Foto: Chip Somodevilla/Getty Images/AFP
Documento do governo americano aponta o Brasil como um dos principais fornecedores globais de substâncias químicas usadas na fabricação de narcóticos, ao lado de países sob forte vigilância internacional.
O Departamento de Estado dos Estados Unidos classificou o Brasil como uma das principais origens de produtos químicos precursores utilizados na produção de drogas em escala mundial. O relatório, elaborado durante a gestão de Donald Trump, posiciona o país ao lado de nações como China, Venezuela, Coreia do Norte, Colômbia, Índia, México, Bolívia, Afeganistão e Tailândia — todos monitorados com elevado nível de atenção por Washington no enfrentamento ao narcotráfico internacional.
De acordo com o documento, o Brasil desempenha um papel relevante no fornecimento de matérias-primas destinadas à fabricação de entorpecentes em diferentes regiões do planeta, incluindo países da América do Sul. Ao abordar a situação da Bolívia, o texto é categórico: “Esses insumos continuam sendo desviados por rotas ilegais e utilizados na produção de cocaína no país. Relatórios indicam que a maior parte desses produtos químicos tem origem no Brasil, na Argentina, no Chile e na China.”

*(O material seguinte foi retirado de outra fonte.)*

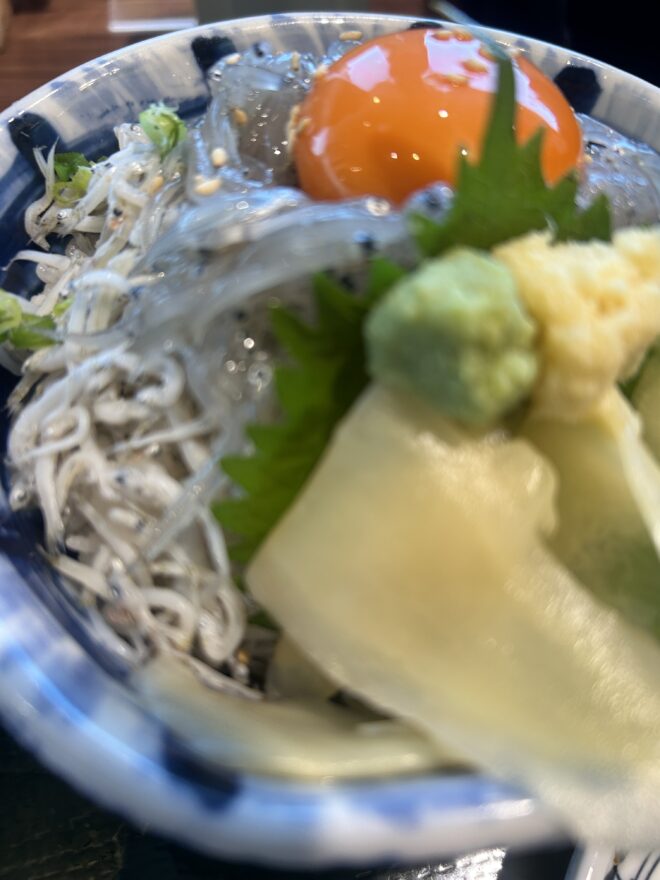 浜や　かわまちてらす閖上店で　北限のしらす丼頂きました！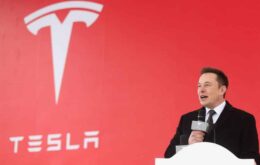 Tesla se torna a montadora americana mais valiosa da história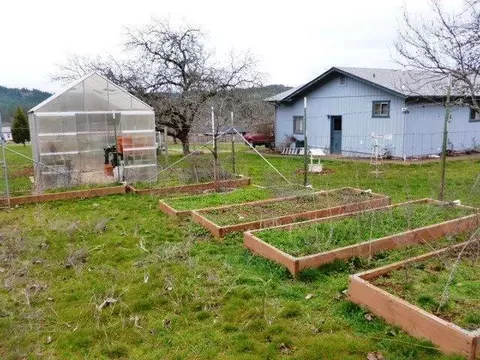 262 Summit Loop, Grants Pass, OR 97527 photo 22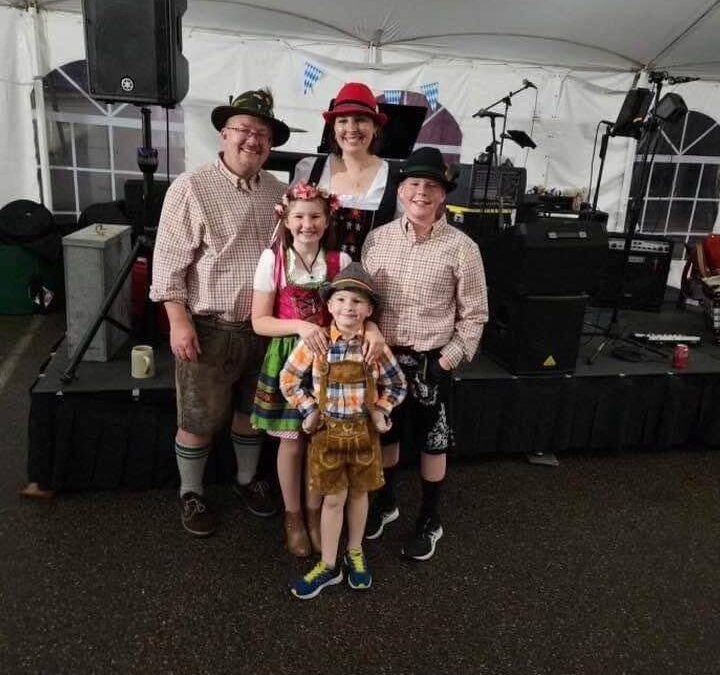 Live Music – Old Fashioned Sunday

O que é esse relatório e qual sua relevância
O relatório emitido pelo Departamento de Estado vai além de uma simples manifestação retórica. Trata-se de uma ferramenta estratégica utilizada pelos Estados Unidos para mensurar a atuação de diversos países no combate ao narcotráfico e à lavagem de dinheiro. O conteúdo examina aspectos como legislação vigente, desempenho das autoridades, eficácia do Judiciário e nível de cooperação internacional, funcionando como um panorama global sobre o enfrentamento ao crime organizado.
Além de identificar rotas do tráfico e esquemas financeiros ilícitos, o documento também serve como base para decisões concretas de política externa americana, influenciando acordos bilaterais, cooperação em segurança e eventuais medidas de pressão diplomática.
Estar incluído nessa lista representa mais do que um alerta simbólico. Trata-se de um sinal claro emitido por Washington à comunidade internacional sobre quais países são vistos como parte do problema no cenário do narcotráfico global.
O cenário político que agrava a situação
A presença do Brasil no relatório surge em um momento sensível, no qual o governo Lula busca viabilizar uma visita oficial à Casa Branca e estabelecer uma relação funcional com os Estados Unidos, ao mesmo tempo em que mantém articulações com líderes de esquerda contrários a Trump na Europa.
No documento americano, o Brasil aparece ao lado da Venezuela governada por Nicolás Maduro e da Coreia do Norte sob liderança de Kim Jong-un, ambos considerados adversários diretos por Washington.
Enquanto isso, o governo brasileiro iniciou nesta semana uma agenda internacional na Europa, acompanhado por 15 ministros, com encontros previstos com Pedro Sánchez, Gustavo Petro e Claudia Sheinbaum. Paralelamente, recebe dos Estados Unidos uma avaliação que o coloca entre os principais fornecedores globais de insumos para o narcotráfico. A visita à Casa Branca, que ainda não possui data definida, tornou-se mais incerta em comparação aos dias anteriores.